TASK GOAL »
Using the listing below, print the line containing "Cistercian monastery Hauterive", the line containing "2006-08 Ireland Home Shirt - 5/10 - (M)", and each line between them, exactly and nothing else. Pictures stay out of the print.

INFORMATION PROVIDED »
=-=-=-=-=
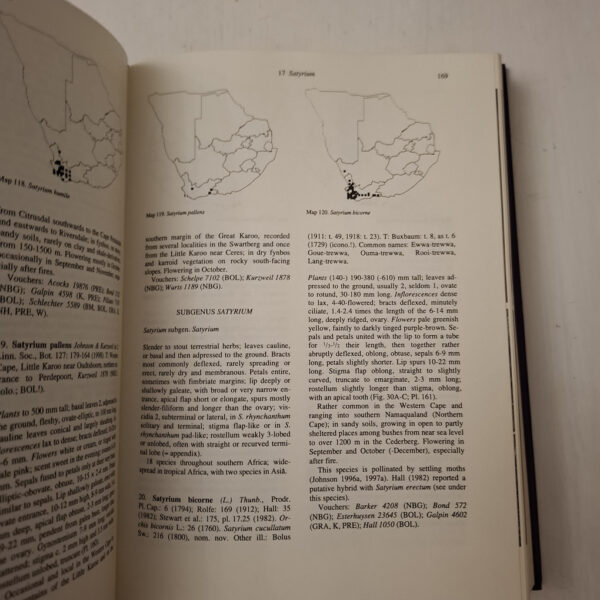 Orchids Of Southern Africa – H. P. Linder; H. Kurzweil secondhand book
=-=-=-=-=
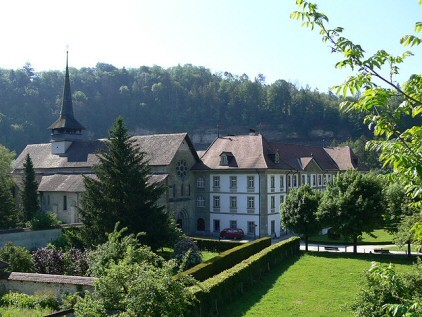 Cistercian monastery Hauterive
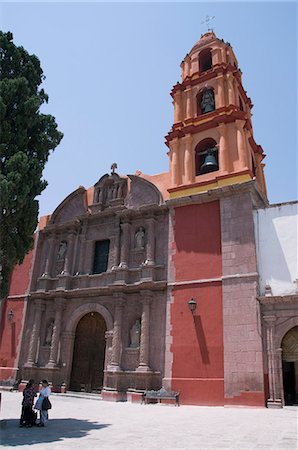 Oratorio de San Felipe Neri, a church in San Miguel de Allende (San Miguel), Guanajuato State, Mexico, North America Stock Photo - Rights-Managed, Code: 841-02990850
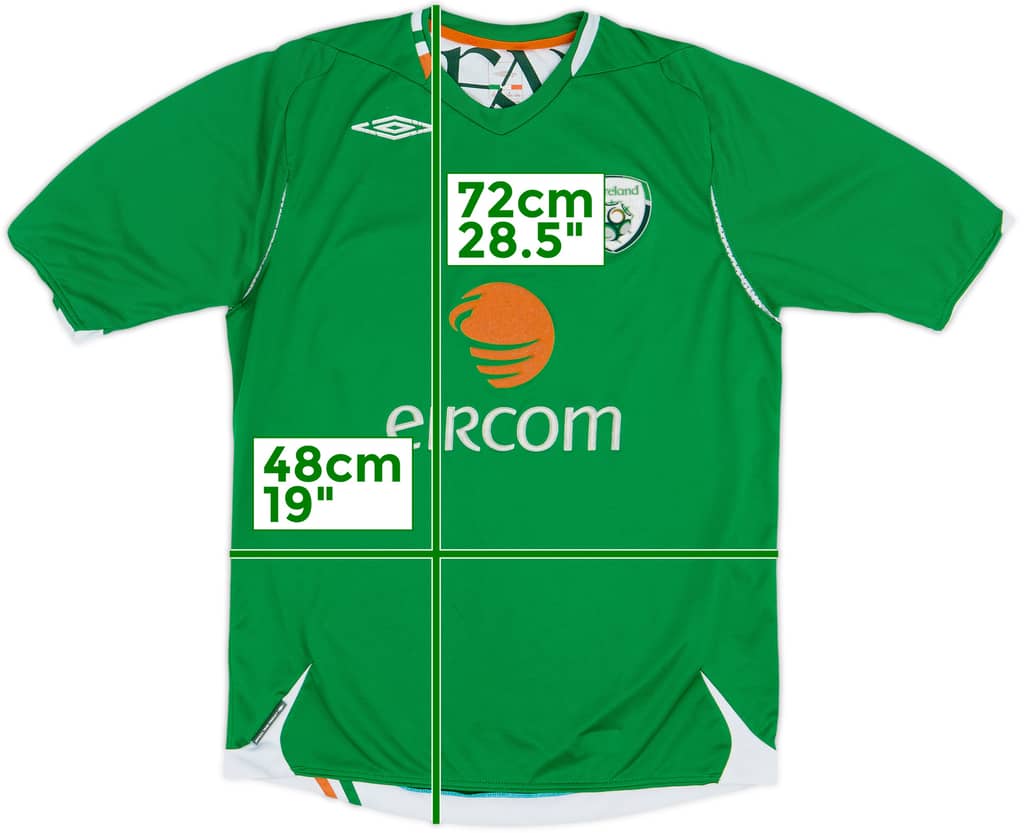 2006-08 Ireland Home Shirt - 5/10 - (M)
=-=-=-=-=
OUTPUT OF THE EXERCISE »
 Cistercian monastery Hauterive
 Oratorio de San Felipe Neri, a church in San Miguel de Allende (San Miguel), Guanajuato State, Mexico, North America Stock Photo - Rights-Managed, Code: 841-02990850
 2006-08 Ireland Home Shirt - 5/10 - (M)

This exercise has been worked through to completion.